- **EXERCISE REQUIREMENTS**:
Copy every line of the data below exactly as given, except for the pictures.

- **DATA PROVIDED**:

%%

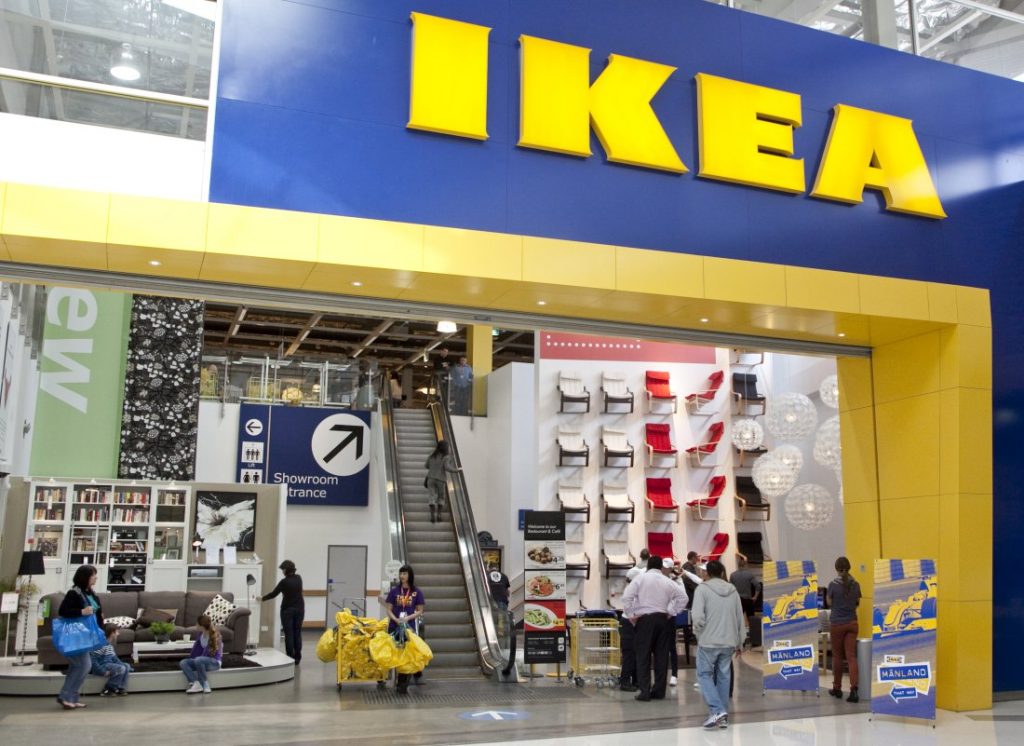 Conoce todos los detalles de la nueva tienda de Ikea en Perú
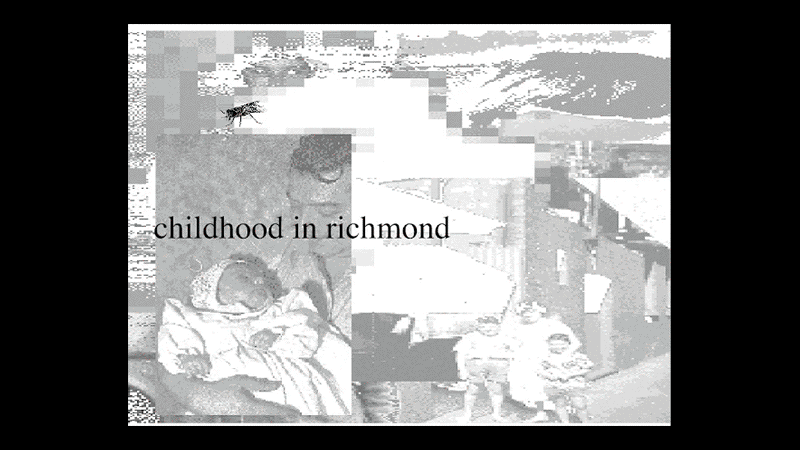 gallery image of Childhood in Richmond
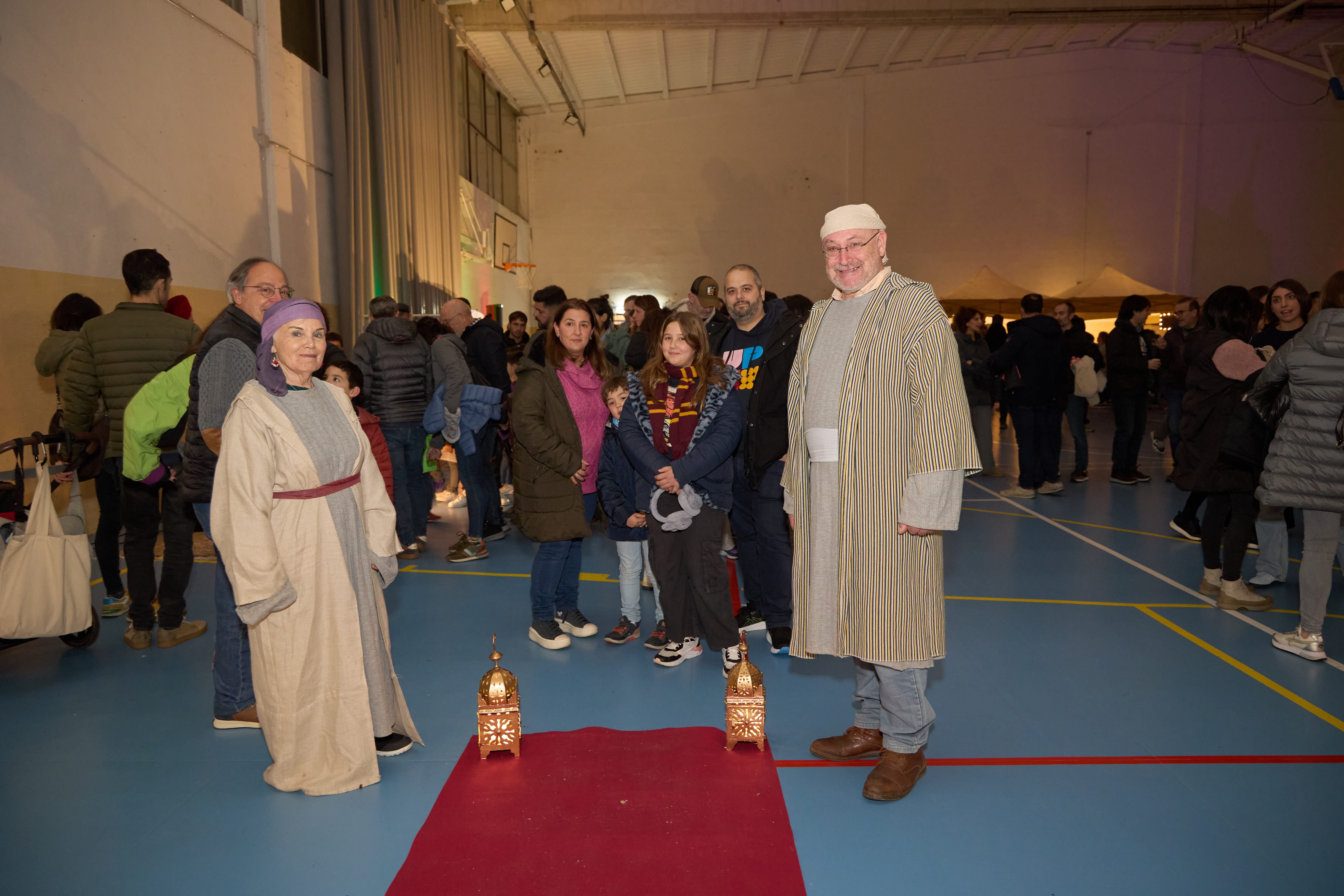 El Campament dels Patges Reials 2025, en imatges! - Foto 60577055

%%

- **ANSWER TO THIS PROBLEM**:
 Conoce todos los detalles de la nueva tienda de Ikea en Perú
 gallery image of Childhood in Richmond
 El Campament dels Patges Reials 2025, en imatges! - Foto 60577055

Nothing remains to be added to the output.